PHILLIP AND VICTORIA VILLARREAL, PLAINTIFFS,
v.
ONEWEST BANK, FSB, REGIONAL SERVICES TRUSTEE CORPORATION, AND DOES 1-50, INCLUSIVE, DEFENDANTS.



The opinion of the court was delivered by: Garland E. Burrell, Jr. United States District Judge

ORDER GRANTING IN PART PLAINTIFFS' APPLICATION FOR A TEMPORARY RESTRAINING ORDER

Plaintiffs re-filed an application for a temporary restraining order ("TRO") on April 5, 2010, which was previously filed on April 2, 2010 and denied since it failed to comply with the notice requirements in Federal Rule of Civil Procedure 65(b)(1) and Local Rule 231(a). Plaintiffs' second TRO application is identical to their initial application, except that Plaintiffs' represent they have complied with the above referenced notice requirements. Following receipt of Plaintiffs' second TRO application, the Court scheduled a hearing on Plaintiffs' application for a TRO and provided Defendants with an opportunity to file an opposition before the scheduled hearing. Plaintiffs' TRO application was heard on April 7, 2010, commencing at 1:30 p.m.; Defendants did not appear at the hearing and did not file an opposition to Plaintiffs' TRO application. Plaintiffs seek to enjoin the imminent sale of their home at a trustee's sale, currently scheduled to occur on April 9, 2010. For the reasons stated below, Plaintiffs' TRO application is GRANTED IN PART.

I. LEGAL STANDARD

"Requests for temporary restraining orders are governed by the same general standards that govern the issuance of a preliminary injunction." Bouyer v. IndyMac Fed. Bank, No. C-08-05582 EDL, 2009 WL 1765668, at *1 (N.D. Cal. June 18, 2009). Therefore, a plaintiff seeking a TRO must "establish that he is likely to succeed on the merits, that he is likely to suffer irreparable harm in the absence of preliminary relief, that the balance of equities tips in his favor, and that a[] [TRO] is in the public interest." Am. Trucking Ass'n, Inc. v. City of Los Angeles, 559 F.3d 1046, 1052 (9th Cir. 2009) (quoting Winter v. Natural Res. Def. Council, Inc., 129 S.Ct. 365, 374 (2008)).

II. BACKGROUND

Plaintiffs' complaint and TRO application do not contain factual allegations that provide a clear picture of the events giving rise to Plaintiffs' claims.*fn1 The below stated background reflects what the court deciphers from Plaintiffs' filings.

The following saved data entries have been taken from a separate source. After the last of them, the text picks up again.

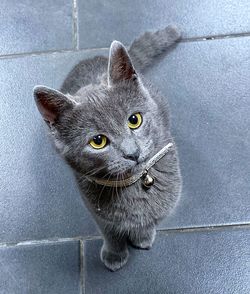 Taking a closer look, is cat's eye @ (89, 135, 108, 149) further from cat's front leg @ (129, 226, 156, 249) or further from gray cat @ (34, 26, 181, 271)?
cat's front leg @ (129, 226, 156, 249)

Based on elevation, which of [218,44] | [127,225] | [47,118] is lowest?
[127,225]

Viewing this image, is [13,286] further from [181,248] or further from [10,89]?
[10,89]

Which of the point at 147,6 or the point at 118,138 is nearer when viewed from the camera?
the point at 118,138

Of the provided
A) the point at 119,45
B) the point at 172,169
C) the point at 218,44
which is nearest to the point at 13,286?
the point at 172,169

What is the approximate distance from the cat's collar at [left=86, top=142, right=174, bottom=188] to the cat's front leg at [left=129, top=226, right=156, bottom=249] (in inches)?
6.3

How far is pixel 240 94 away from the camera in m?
1.40

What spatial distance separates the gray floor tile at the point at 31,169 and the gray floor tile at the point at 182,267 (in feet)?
0.46

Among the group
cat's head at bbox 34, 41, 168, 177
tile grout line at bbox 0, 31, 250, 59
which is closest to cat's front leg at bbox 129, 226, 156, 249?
cat's head at bbox 34, 41, 168, 177

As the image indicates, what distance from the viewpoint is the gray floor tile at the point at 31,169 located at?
1275mm

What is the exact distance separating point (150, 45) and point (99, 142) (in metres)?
0.63

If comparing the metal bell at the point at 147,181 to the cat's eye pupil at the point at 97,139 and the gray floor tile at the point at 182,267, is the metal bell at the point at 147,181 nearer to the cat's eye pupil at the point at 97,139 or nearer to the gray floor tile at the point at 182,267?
the cat's eye pupil at the point at 97,139

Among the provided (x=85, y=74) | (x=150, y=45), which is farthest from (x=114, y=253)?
(x=150, y=45)

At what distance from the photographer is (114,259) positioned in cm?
118

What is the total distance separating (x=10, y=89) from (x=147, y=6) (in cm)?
62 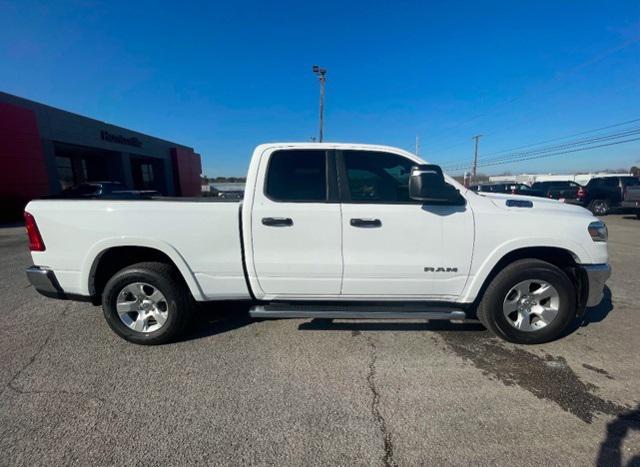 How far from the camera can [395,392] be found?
2.42m

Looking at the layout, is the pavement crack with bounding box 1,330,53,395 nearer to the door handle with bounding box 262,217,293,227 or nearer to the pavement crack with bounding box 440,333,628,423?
the door handle with bounding box 262,217,293,227

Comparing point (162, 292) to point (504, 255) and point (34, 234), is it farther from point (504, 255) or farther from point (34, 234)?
point (504, 255)

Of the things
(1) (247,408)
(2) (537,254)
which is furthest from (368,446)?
(2) (537,254)

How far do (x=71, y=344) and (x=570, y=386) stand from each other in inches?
187

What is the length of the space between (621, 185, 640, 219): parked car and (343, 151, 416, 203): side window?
16434mm

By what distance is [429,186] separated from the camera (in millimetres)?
2723

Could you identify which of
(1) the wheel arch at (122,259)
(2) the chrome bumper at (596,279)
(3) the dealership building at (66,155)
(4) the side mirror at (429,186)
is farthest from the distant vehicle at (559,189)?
(3) the dealership building at (66,155)

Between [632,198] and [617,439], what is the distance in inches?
660

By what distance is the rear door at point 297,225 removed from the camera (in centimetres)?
287

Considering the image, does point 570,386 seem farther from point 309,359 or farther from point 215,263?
point 215,263

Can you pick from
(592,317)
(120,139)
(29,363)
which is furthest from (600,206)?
(120,139)

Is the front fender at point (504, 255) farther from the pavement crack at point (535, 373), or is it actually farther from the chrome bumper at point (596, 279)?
the pavement crack at point (535, 373)

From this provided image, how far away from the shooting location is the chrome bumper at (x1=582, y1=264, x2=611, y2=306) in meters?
2.96

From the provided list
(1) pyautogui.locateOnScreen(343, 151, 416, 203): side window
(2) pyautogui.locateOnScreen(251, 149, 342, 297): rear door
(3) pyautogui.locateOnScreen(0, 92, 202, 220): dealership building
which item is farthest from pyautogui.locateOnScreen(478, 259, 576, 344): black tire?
(3) pyautogui.locateOnScreen(0, 92, 202, 220): dealership building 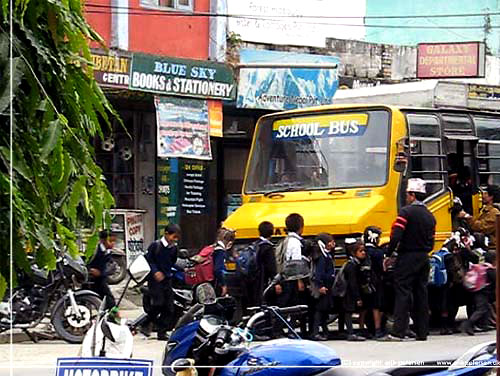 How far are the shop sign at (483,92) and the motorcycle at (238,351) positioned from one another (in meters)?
10.5

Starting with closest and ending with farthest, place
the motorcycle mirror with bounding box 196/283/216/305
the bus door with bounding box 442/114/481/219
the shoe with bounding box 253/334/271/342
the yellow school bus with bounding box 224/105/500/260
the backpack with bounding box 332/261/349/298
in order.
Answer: the shoe with bounding box 253/334/271/342 → the motorcycle mirror with bounding box 196/283/216/305 → the backpack with bounding box 332/261/349/298 → the yellow school bus with bounding box 224/105/500/260 → the bus door with bounding box 442/114/481/219

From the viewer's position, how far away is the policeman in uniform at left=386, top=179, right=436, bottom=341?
38.2 ft

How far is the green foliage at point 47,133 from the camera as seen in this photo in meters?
4.25

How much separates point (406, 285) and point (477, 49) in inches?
486

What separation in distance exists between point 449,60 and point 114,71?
9.08 m

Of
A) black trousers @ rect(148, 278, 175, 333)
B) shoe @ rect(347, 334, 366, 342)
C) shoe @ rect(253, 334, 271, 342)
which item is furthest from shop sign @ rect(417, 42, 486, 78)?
shoe @ rect(253, 334, 271, 342)

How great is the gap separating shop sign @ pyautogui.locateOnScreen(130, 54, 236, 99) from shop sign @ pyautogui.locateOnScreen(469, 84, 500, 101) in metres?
4.21

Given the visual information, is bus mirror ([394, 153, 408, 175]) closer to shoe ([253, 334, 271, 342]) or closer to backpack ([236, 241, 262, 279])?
backpack ([236, 241, 262, 279])

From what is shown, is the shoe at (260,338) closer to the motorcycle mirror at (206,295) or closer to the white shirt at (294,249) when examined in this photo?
the motorcycle mirror at (206,295)

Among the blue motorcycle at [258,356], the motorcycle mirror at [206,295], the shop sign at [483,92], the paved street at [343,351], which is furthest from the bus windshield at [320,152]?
the blue motorcycle at [258,356]

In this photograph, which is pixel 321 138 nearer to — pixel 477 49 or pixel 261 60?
pixel 261 60

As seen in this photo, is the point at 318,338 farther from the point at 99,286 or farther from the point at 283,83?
the point at 283,83

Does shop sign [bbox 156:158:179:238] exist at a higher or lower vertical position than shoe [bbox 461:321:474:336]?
higher

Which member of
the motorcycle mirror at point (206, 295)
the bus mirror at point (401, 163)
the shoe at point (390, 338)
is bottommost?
the shoe at point (390, 338)
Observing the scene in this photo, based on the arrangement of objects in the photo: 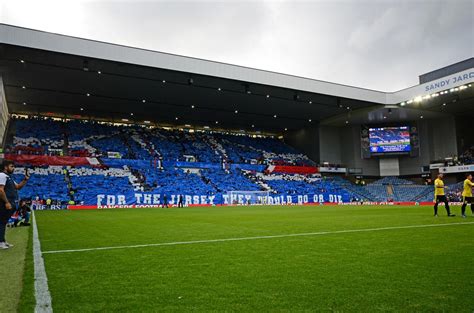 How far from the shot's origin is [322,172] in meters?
50.8

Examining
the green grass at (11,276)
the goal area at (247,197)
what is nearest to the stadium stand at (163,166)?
the goal area at (247,197)

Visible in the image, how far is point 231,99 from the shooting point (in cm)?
3869

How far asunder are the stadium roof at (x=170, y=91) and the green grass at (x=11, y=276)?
22467mm

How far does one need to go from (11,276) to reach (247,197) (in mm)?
35521

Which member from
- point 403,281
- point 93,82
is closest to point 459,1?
point 403,281

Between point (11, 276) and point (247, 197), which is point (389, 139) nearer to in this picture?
point (247, 197)

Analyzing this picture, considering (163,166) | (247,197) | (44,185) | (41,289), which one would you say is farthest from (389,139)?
(41,289)

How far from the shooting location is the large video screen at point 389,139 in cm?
4756

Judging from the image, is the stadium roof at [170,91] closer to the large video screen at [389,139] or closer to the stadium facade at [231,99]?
the stadium facade at [231,99]

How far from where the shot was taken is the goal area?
3848 centimetres

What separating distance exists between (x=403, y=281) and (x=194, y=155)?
42029 mm

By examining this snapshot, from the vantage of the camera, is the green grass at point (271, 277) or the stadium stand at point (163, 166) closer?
the green grass at point (271, 277)

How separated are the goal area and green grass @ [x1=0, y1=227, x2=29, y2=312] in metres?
31.9

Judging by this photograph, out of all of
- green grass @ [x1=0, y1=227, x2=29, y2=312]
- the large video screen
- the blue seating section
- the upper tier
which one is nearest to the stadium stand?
the blue seating section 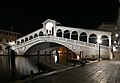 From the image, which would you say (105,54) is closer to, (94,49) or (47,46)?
(94,49)

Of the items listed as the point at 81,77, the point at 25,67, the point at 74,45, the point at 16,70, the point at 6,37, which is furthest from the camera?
the point at 6,37

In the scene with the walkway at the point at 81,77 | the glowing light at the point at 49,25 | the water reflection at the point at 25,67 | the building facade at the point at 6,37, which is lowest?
the water reflection at the point at 25,67

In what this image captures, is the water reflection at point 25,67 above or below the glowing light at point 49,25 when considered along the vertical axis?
below

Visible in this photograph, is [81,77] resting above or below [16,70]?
above

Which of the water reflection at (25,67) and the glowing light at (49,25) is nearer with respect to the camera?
the water reflection at (25,67)

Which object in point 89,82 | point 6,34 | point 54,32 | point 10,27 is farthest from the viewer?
point 10,27

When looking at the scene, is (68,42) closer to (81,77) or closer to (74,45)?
(74,45)

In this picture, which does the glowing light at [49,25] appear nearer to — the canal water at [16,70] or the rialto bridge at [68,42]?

Plaintiffs purchased the real property located at 9274 Marlemont Circle in Elk Grove, California using funds acquired through a loan from Defendants." (Compl. 3:25-28.)*fn2 Plaintiffs allege "when the loan was consummated," Defendants violated the federal Truth In Lending Act ("TILA") by failing to provide "the Truth in Lending Disclosure Statement... and the required number of copies of the Notice of Right to Cancel." (Id. 5:14-20.)

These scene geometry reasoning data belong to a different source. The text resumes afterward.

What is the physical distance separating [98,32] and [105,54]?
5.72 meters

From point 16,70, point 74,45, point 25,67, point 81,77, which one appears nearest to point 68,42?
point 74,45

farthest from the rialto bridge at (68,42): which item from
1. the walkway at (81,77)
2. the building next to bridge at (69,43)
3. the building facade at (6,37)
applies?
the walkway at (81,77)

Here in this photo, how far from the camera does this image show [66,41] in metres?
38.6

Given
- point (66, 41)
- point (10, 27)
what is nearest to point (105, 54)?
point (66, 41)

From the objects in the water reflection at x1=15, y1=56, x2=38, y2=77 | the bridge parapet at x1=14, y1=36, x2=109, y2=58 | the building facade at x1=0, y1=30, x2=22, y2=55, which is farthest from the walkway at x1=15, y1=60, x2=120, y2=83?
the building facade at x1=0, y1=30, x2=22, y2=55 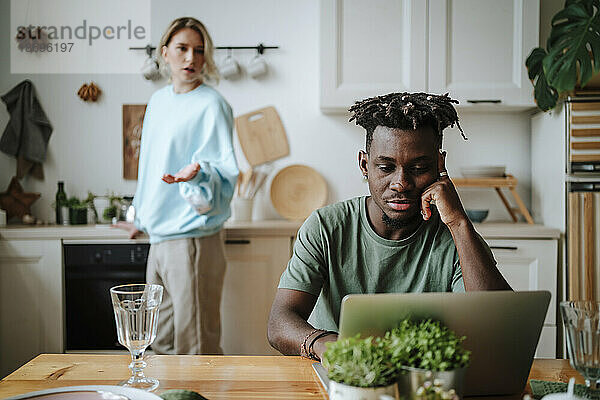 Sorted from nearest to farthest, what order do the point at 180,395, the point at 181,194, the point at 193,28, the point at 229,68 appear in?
1. the point at 180,395
2. the point at 181,194
3. the point at 193,28
4. the point at 229,68

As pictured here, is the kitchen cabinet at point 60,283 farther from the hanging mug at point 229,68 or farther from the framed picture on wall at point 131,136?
the hanging mug at point 229,68

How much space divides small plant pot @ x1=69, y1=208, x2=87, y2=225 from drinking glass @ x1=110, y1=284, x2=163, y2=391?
2.27 meters

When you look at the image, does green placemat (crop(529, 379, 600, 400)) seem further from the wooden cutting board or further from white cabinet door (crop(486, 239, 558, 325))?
the wooden cutting board

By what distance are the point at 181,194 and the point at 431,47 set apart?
1515mm

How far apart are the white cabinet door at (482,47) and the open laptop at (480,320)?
7.49 feet

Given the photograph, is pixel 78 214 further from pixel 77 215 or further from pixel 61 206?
pixel 61 206

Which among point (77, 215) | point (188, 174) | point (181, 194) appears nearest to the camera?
point (188, 174)

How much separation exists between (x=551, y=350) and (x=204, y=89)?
2053mm

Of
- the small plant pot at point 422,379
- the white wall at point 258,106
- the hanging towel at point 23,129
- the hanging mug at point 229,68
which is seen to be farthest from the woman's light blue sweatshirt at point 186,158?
the small plant pot at point 422,379

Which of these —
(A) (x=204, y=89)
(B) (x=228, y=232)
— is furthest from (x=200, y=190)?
(B) (x=228, y=232)

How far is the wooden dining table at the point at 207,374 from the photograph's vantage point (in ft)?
3.43

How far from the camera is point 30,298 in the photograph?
2965 millimetres

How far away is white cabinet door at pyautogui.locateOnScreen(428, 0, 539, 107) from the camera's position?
10.1 feet

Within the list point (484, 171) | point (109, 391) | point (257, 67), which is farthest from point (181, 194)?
point (484, 171)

Plaintiffs further allege that "[o]n or about December 26, 2009, Defendants served a Notice of Default on Plaintiffs." (Id. 5:19-20.) Plaintiffs also allege that a Notice of Trustee's Sale was sent to Plaintiffs on March 22, 2010 which states that defendant Regional Trustee Services Corporation intends to sell Plaintiffs' property at a trustee's sale scheduled to occur on April 9, 2010, at 9:30 a.m. (Id. 5:19-24; TRO Application Ex. B.) Plaintiffs allege under a claim labeled "Breach of Statutory Duties," Defendants violated provisions of the California Civil Code by "not giving proper notice of the [April 9, 2010 trustee's] sale." (Compl. 11:7-9.)

III. DISCUSSION

A. Likelihood of Success on the Merits

Plaintiffs argue they are entitled to a TRO enjoining the trustee's sale because they have a right to rescind their loan under TILA and Defendants have provided them with "defective notices" of the trustee's sale, in violation of various provisions of the California Civil Code.

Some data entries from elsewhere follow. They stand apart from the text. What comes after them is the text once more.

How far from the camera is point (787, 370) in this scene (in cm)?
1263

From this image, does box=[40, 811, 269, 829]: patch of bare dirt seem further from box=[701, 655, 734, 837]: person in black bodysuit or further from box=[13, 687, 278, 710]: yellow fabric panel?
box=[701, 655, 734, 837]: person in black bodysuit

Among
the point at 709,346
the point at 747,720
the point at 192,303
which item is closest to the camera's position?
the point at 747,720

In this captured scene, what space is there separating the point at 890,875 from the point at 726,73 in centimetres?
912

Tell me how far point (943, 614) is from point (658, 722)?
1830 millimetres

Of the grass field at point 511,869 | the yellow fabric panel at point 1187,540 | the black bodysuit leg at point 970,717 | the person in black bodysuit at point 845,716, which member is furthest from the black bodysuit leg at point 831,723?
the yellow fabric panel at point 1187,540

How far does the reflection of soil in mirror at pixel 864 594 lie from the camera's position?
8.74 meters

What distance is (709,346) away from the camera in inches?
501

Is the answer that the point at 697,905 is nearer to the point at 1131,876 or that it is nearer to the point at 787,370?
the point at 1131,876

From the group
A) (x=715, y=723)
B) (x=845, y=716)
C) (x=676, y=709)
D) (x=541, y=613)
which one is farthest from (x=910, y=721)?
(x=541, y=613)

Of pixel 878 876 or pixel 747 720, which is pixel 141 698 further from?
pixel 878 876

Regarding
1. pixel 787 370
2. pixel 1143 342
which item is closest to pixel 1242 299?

1. Right to Rescind Under TILA

Plaintiffs argue they did not receive either the "preliminary disclosures" or two accurately dated notices of the right to cancel in violation of TILA's requirements, and as a result, they have "the right to rescind [their] loan." (TRO Application 4:22-5:9.)

Plaintiffs' complaint, however, does not seek to rescind their loan; rather, Plaintiffs only allege that they are entitled to "damages" as a result of Defendants' alleged violations of TILA. Further, since Plaintiffs allege they "purchased [their] property... using funds acquired through a loan from Defendants," TILA's rescission remedy is not applicable to their loan transaction.*fn3 (Compl. 3:25-28); see also 15 U.S.C. § 1635(e)(1) (providing that the right of rescission does not apply to residential mortgage transactions); 15 U.S.C. § 1602(w) (defining "residential mortgage transaction" as one in which a "security interest is created or retained against the consumer's dwelling to finance the acquisition... of such dwelling."); Saldate v. Wilshire Credit Corp., ---F.R.D. ----, No. CV F 09-2089 LJO SMS, 2010 WL 582069, at *5 (E.D. Cal. Feb. 12, 2010) (stating "[t]here is no statutory right of rescission where the loan at issue involves the creation of a first lien to finance the acquisition of a dwelling in which the customer resides"). Lastly, at the hearing, Plaintiffs' counsel stated that Plaintiffs consummated their loan transaction in January 2007. This concession indicates that any TILA rescission claim would be barred by the three-year limitations period in 15 U.S.C. 1635(f). See Miguel ...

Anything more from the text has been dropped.